Jason Verlen examines cutting-edge technologies that are transforming the experience of the collision repair and claims process
The automobile insurance and repair industry is undergoing an unprecedented transformation. Accelerated by the pandemic and the growing complexity of vehicles, the industry has accelerated its adoption of technologies such as cloud, AI and IoT to make the insurance claims and repair process seamless at all points of view. contact. These enabling technologies, coupled with changing consumer demands, are driving several trends that will forever change the claims and repairs experience.
Impact of increasing vehicle complexity
The percentage of vehicles equipped with advanced driver assistance systems (ADAS) features such as automatic emergency braking, parking assistance or blind spot detection is increasing. An estimated 10% of the one billion cars on the road globally at the end of 2020 were equipped with key ADAS capabilities. As more and more vehicles have been fitted with these features over the past decade, the number of parts in vehicles has nearly doubled. Today, an average car has 30,000 parts, and new vehicles contain more than 1,000 solid-state computer chips used for everything from interior lighting, engine cooling and battery management to monitoring. from tire pressure, to seat control and more. In the future, more sophisticated technologies such as AI, cameras and sensors in vehicles will develop, making insuring and repairing these vehicles increasingly complex and expensive.

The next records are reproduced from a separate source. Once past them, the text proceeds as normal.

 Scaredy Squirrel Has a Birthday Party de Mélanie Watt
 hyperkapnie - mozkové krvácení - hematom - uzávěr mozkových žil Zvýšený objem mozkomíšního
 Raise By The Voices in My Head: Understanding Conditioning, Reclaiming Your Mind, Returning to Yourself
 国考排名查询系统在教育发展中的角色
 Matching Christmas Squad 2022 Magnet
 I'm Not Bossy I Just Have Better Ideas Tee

New skills, technical training and tools will be needed to help reduce longer repair times and resolve claims
Beyond safety systems, electric vehicles (EVs) are driving changes in the industry. In 2021, the market share of battery-powered electric vehicles nearly doubled, capturing 2.9% of all new vehicle sales, up from 1.6% in 2020. Electric vehicles can offer huge benefits, but they are complex and can be expensive to repair. These advances present both challenges and opportunities for auto insurers and bodyshops. New skills, technical training and tools will be needed to help reduce longer repair times and resolve claims.

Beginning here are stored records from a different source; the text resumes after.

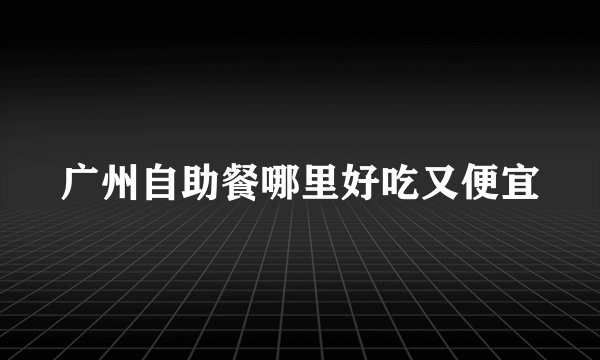 广州自助餐哪里好吃又便宜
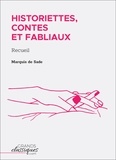  Marquis de Sade - Historiettes, contes et fabliaux - Recueil.
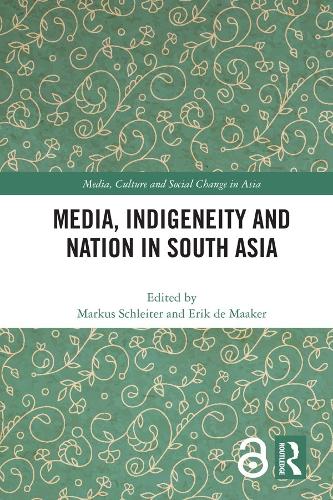 Media, Indigeneity and Nation in South Asia (Media, Culture and Social Change in Asia)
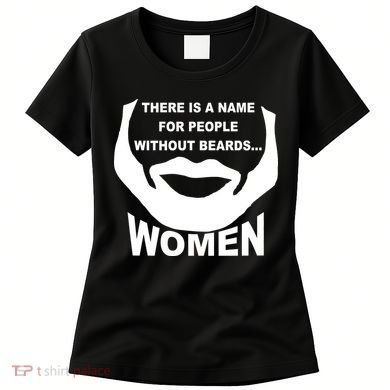 There is A Name For People Without Beards Women Women's T-Shirt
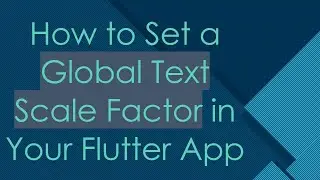 How to Set a Global Text Scale Factor in Your Flutter App
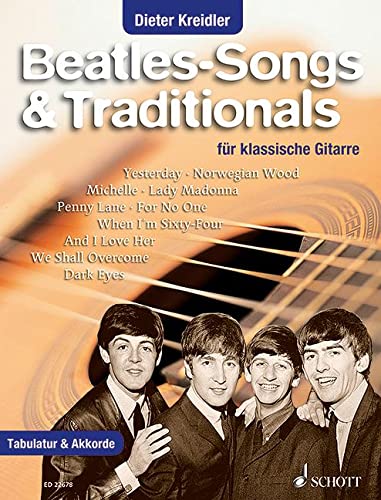 Beatles-Songs & Traditionals: für klassische Gitarre. Gitarre. Songbook. (Klassische Gitarrenhits)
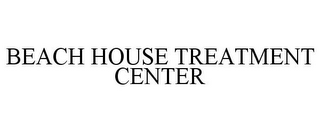 BEACH HOUSE TREATMENT CENTER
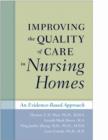 Image for Improving the quality of care in nursing homes  : an evidence-based approach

Mobile and AI are redefining the customer experience
In recent years, technology has helped both insurers and bodyshops propel themselves forward. Photo estimation, chatbots and text messaging have helped provide digital customer service models when needed, human-centric and where they are preferred.
Since the pandemic, customer expectations have evolved, now requiring more personalized and streamlined interactions. As a result, several advancements have been made in insurance and repair technologies to help create a more personalized experience for drivers.

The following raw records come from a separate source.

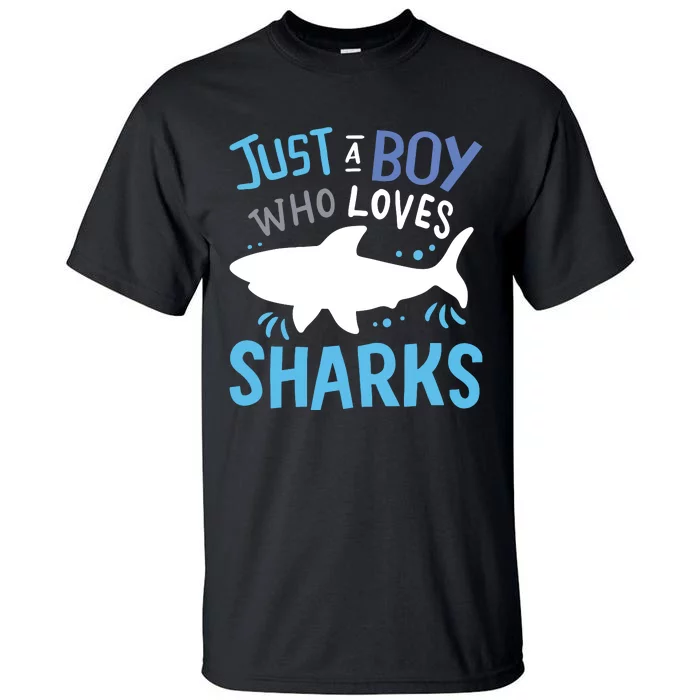 Shark Just A Who Loves Sharks Gift Tall T-Shirt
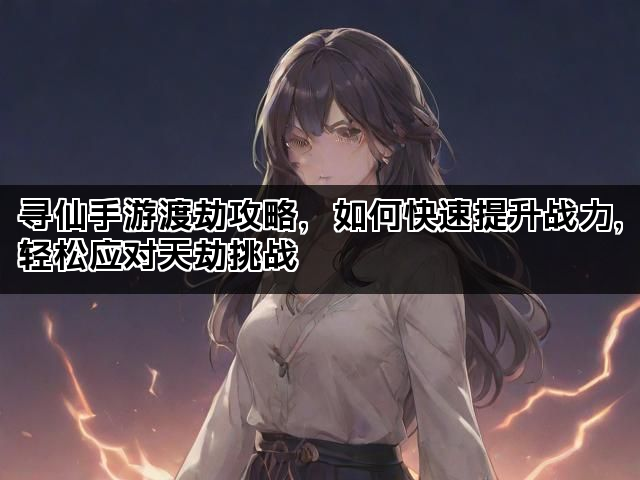 寻仙手游渡劫攻略，如何快速提升战力，轻松应对天劫挑战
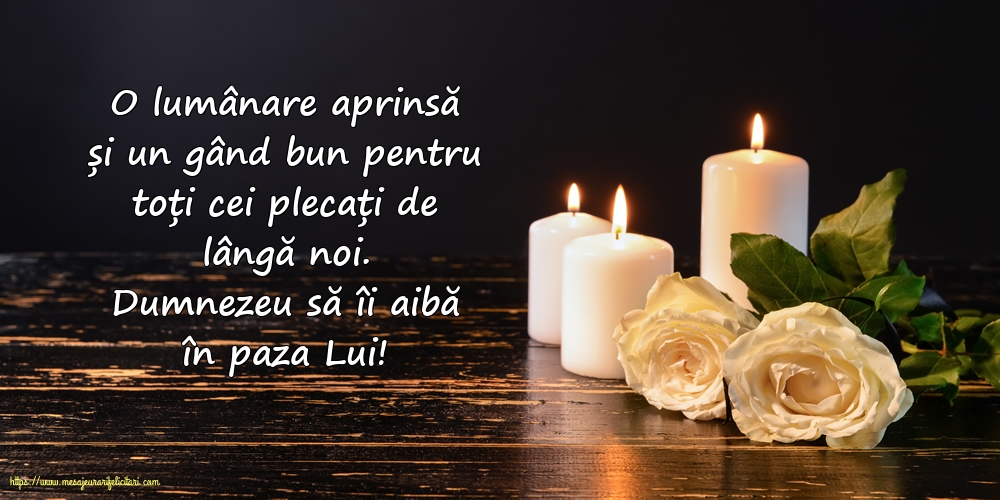 Comemorare Dumnezeu să îi aibă în paza Lui!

Using technology, policyholders can easily submit digital photos of vehicle damage to insurers and repairers to start the process of estimating claims and repairs faster than with previous manual methods. And the data shows that consumers are eager to adopt it. During the pandemic, the number of consumers submitting photos of their damaged vehicle directly to repairers using this technology nearly doubled, with more than 20% of claims files using photo estimates resulting in an actual repair order. These photos are transferred through an integrated network of connections and advanced AI is applied. The experience is less about the mobile app and more about the network connections working behind the scenes that allow the consumer to drive the entire process through their phone, helping to automate the process in all circumstances.
This example illustrates the strong push towards connected ecosystems that consumers can expect to see coming in the automotive industry. Currently, in the United States, one billion days pass each year between when auto claims are opened and when claims are resolved. It is essential to establish seamless connections between the tens of thousands of industry suppliers who must come together to resolve the hundreds of multi-party decisions resulting from a single complaint. This industry ecosystem covers auto insurers, collision repairers, parts suppliers, car manufacturers, lenders, towing services, and healthcare providers in the event of injury resulting from an accident.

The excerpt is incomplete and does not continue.